Napster founders launch new venture: Airtime

CNN Wire Service

NEW YORK — Former Napster founders Sean Parker and Shawn Fanning are teaming up again on a new venture: social video-sharing platform Airtime.

Parker, now a billionaire thanks to his sizeable stake in Facebook, is one of Silicon Valley’s biggest celebrities — a role he relishes. Launching a new company with a quiet press release isn’t his style.

Airtime’s unveiling, taking place Tuesday morning in New York City, is a star-studded affair with planned cameos from a head-scratchingly diverse set of bold-face names. The lineup includes rapper Snoop Dogg, domestic spirit guide Martha Stewart, and actors Kristen Bell, Ed Helms and Julia Louis-Dreyfus.

The event will offer users the first look at Parker and Fanning’s year-in-the-making service.

The concept — real-time live video — is similar to Chatroulette, a site that made waves by connecting strangers around the world for video chats. At its 2010 peak, Chatroulette was one of the Internet’s white-hot startup stars, but it quickly became a hotbed for indecent behavior.

That’s a problem Airtime will have to solve.

The much-hyped startup has received an unspecified amount of funding from heavyweight investors, with a recent round led by Kleiner Perkins Caufield & Byers, along with Andreessen Horowitz, Accel Partners and Google Ventures. Early seed-stage investors include Ashton Kutcher, Yuri Milner, Ron Conway and Founders Fund.

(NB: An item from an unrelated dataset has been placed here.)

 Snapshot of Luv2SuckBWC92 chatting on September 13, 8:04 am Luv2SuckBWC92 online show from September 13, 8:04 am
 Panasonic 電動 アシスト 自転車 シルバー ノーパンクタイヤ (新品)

Airtime is living its startup life at warp speed. Before even launching, it already made its first acquisition. In May it snapped up Erly, a social content-sharing startup created by former Hulu employees.

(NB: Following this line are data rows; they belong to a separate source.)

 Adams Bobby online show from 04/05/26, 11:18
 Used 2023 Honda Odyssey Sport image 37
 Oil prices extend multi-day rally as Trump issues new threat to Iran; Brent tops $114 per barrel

Both Parker and Fanning are serial entrepreneurs. In 1999, they started Napster, a peer-to-peer file-sharing service that popularized online music sharing and became a legal lightening rod. Hit with a crippling stack of copyright infringement lawsuits, the service was shut down in 2001. The brand name was later resurrected, but Napster died for good late last year, when it merged with on-demand music site Rhapsody.

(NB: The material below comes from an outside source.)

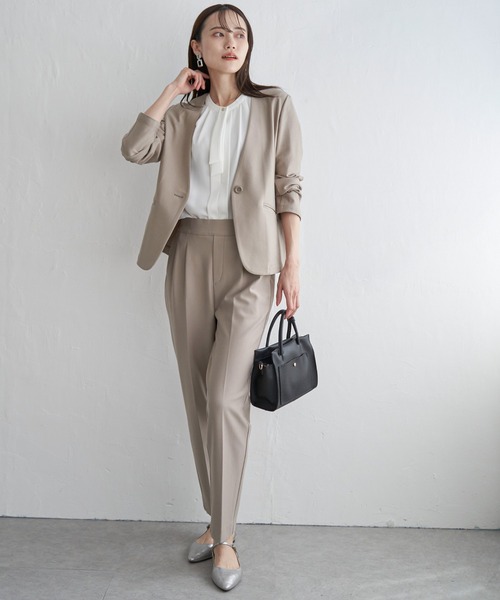 IKKA LOUNGE（イッカラウンジ）の「【洗濯機で洗える／セットアップ対応】GOKU楽カットソーノーカラージャケット（テーラードジャケット・レディース・ブラック/ベージュ・M/L/S）」の7枚目の写真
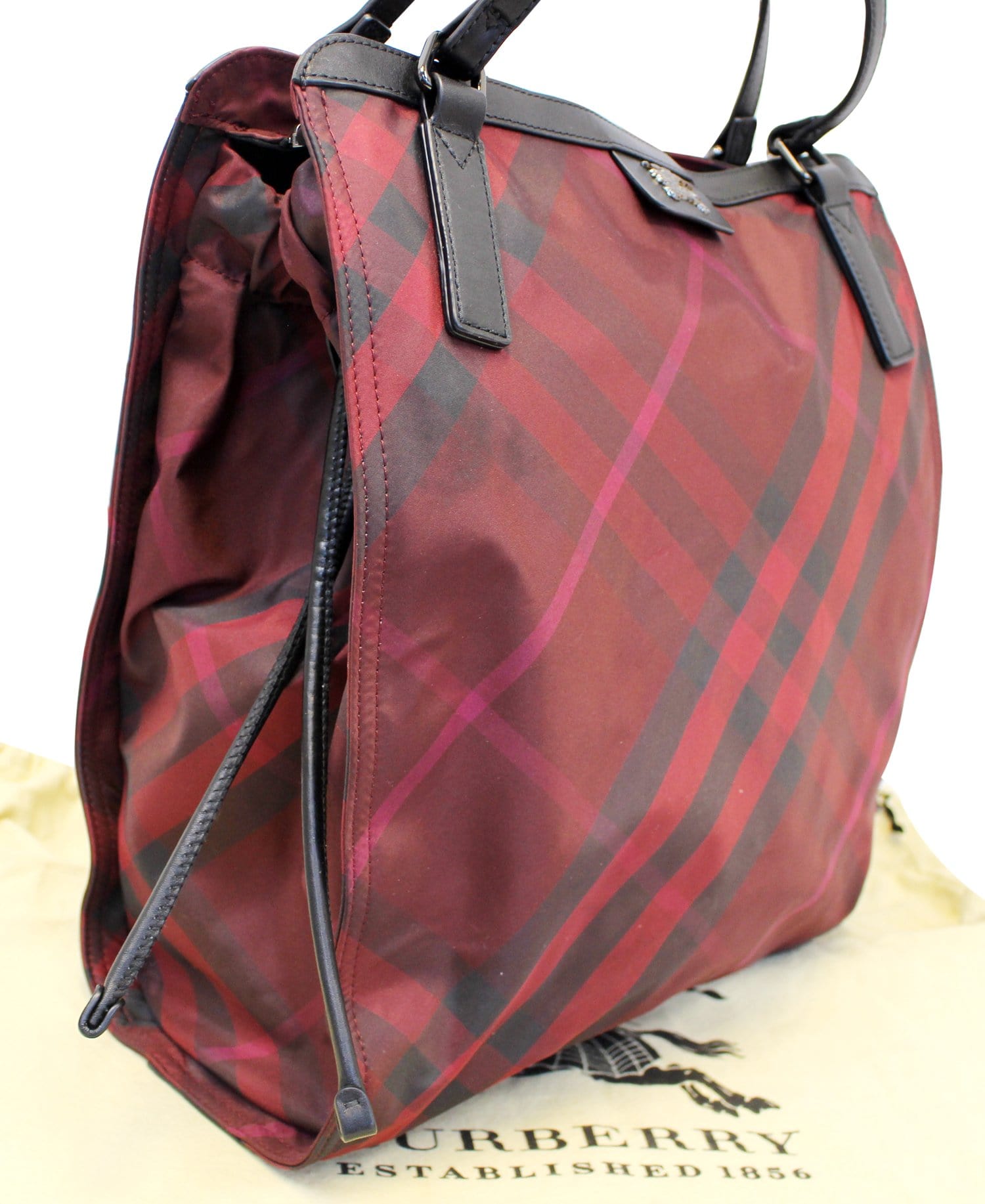 Burberry Buckleigh Packable Burgundy Nylon/Leather Tote Shoulder Bag TT2127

Parker bounced back from Napster’s meltdown with a string of new ventures. He played an integral role in Facebook’s early days, serving as the company’s president and helping CEO Mark Zuckerberg secure funding and structure the company.

Parker is also a board member and investor in Spotify, a streaming music service that Parker has called “realization of the dream” he had for Napster.